__Problem description__. Throughout the entries below, report every line where "willingness" is found.

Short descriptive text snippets
────────────────────────────────────────

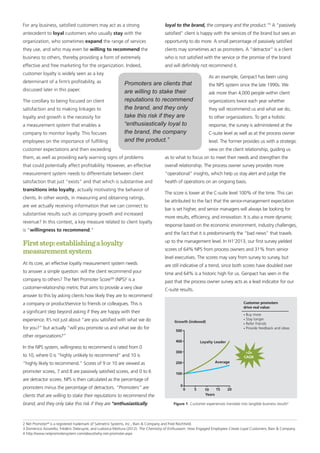 For any business, satisfied customers may act as a strong
antecedent to loyal customers who usually stay with the
organization, who sometimes expand the range of services
they use, and who may even be willing to recommend the
business to others, thereby providing a form of extremely
effective and free marketing for the organization. Indeed,
customer loyalty is widely seen as a key
determinant of a firm’s profitability, as
discussed later in this paper.
The corollary to being focused on client
satisfaction and to making linkages to
loyalty and growth is the necessity for
a measurement system that enables a
company to monitor loyalty. This focuses
employees on the importance of fulfilling
customer expectations and then exceeding
them, as well as providing early warning signs of problems
that could potentially affect profitability. However, an effective
measurement system needs to differentiate between client
satisfaction that just “exists” and that which is substantive and
transitions into loyalty, actually motivating the behavior of
clients. In other words, in measuring and obtaining ratings,
are we actually receiving information that we can connect to
substantive results such as company growth and increased
revenue? In this context, a key measure related to client loyalty
is “willingness to recommend.”
Firststep:establishingaloyalty
measurementsystem
At its core, an effective loyalty measurement system needs
to answer a simple question: will the client recommend your
company to others? The Net Promoter ScoreSM
(NPS)2
is a
customer-relationship metric that aims to provide a very clear
answer to this by asking clients how likely they are to recommend
a company or product/service to friends or colleagues. This is
a significant step beyond asking if they are happy with their
experience. It’s not just about “are you satisfied with what we do
for you?” but actually “will you promote us and what we do for
other organizations?”
In the NPS system, willingness to recommend is rated from 0
to 10, where 0 is “highly unlikely to recommend” and 10 is
“highly likely to recommend.” Scores of 9 or 10 are viewed as
promoter scores, 7 and 8 are passively satisfied scores, and 0 to 6
are detractor scores. NPS is then calculated as the percentage of
promoters minus the percentage of detractors. “Promoters” are
clients that are willing to stake their reputations to recommend the
brand, and they only take this risk if they are “enthusiastically
loyal to the brand, the company and the product.”3
A “passively
satisfied” client is happy with the services of the brand but sees an
opportunity to do more. A small percentage of passively satisfied
clients may sometimes act as promoters. A “detractor” is a client
who is not satisfied with the service or the promise of the brand
and will definitely not recommend it.
As an example, Genpact has been using
the NPS system since the late 1990s. We
ask more than 4,000 people within client
organizations twice each year whether
they will recommend us and what we do,
to other organizations. To get a holistic
response, the survey is administered at the
C-suite level as well as at the process owner
level. The former provides us with a strategic
view on the client relationship, guiding us
as to what to focus on to meet their needs and strengthen the
overall relationship. The process owner survey provides more
“operational” insights, which help us stay alert and judge the
health of operations on an ongoing basis.
The score is lower at the C-suite level 100% of the time. This can
be attributed to the fact that the senior-management expectation
bar is set higher, and senior managers will always be looking for
more results, efficiency, and innovation. It is also a more dynamic
response based on the economic environment, industry challenges,
and the fact that it is predominantly the “bad news” that travels
up to the management level. In H1’2013, our first survey yielded
scores of 64% NPS from process owners and 31% from senior
level executives. The scores may vary from survey to survey, but
are still indicative of a trend, since both scores have doubled over
time and 64% is a historic high for us. Genpact has seen in the
past that the process owner survey acts as a lead indicator for our
C-suite results.
2 Net Promoter®
is a registered trademark of Satmetrix Systems, Inc., Bain & Company and Fred Reichheld.
3 Domenico Azzarello, Frédéric Debruyne, and Ludovica Mottura (2012). The Chemistry of Enthusiasm: How Engaged Employees Create Loyal Customers, Bain & Company.
4 http://www.netpromotersystem.com/about/why-net-promoter.aspx
Figure 1. Customer experiences translate into tangible business results4
0
0
100
5 10 15 20
200
300
400
500
Growth (indexed)
Loyalty Leader
• Buy more
• Stay longer
• Refer friends
• Provide feedback and ideas
Customer promoters
drive real value:
Average
Years
>2x
CAGR
Promoters are clients that
are willing to stake their
reputations to recommend
the brand, and they only
take this risk if they are
“enthusiastically loyal to
the brand, the company
and the product.”
 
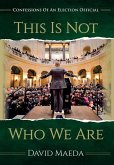 This Is Not Who We Are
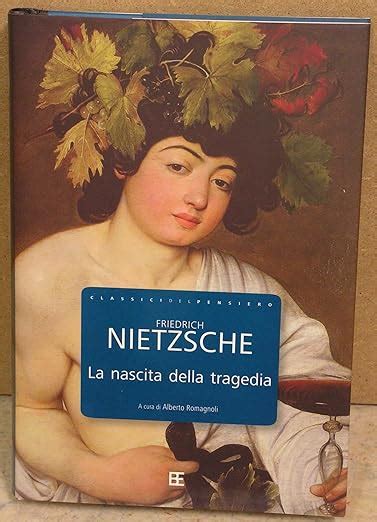 La Nascita Della Tragedia Nietzsche Friedrich Romagnoli Alberto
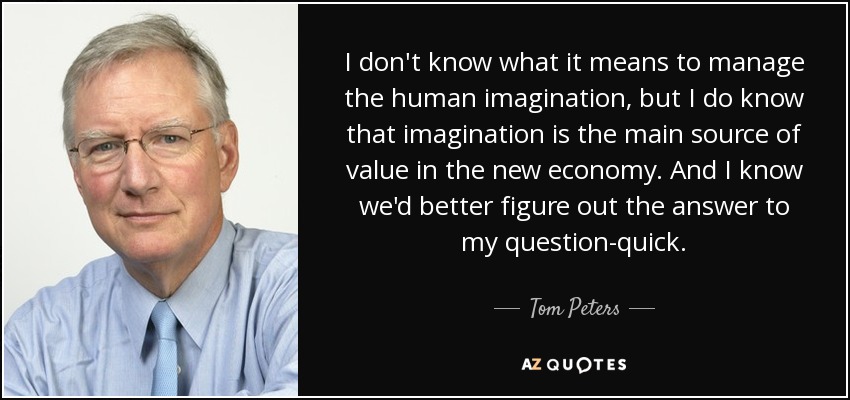 I don't know what it means to manage the human imagination, but I do know that imagination is the main source of value in the new economy. And I know we'd better figure out the answer to my question-quick. - Tom Peters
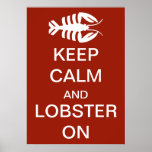 Vintage Art Deco Keep Calm and Lobster On Poster<br><div class="desc">Vintage illustration art deco design featuring an elegant red lobster and the Keep Calm and Carry On poster style changed for a lobster party theme. Yummy food for a fancy dinner!</div>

────────────────────────────────────────

__Solution to the exercise__.
is “willingness to recommend.”
In the NPS system, willingness to recommend is rated from 0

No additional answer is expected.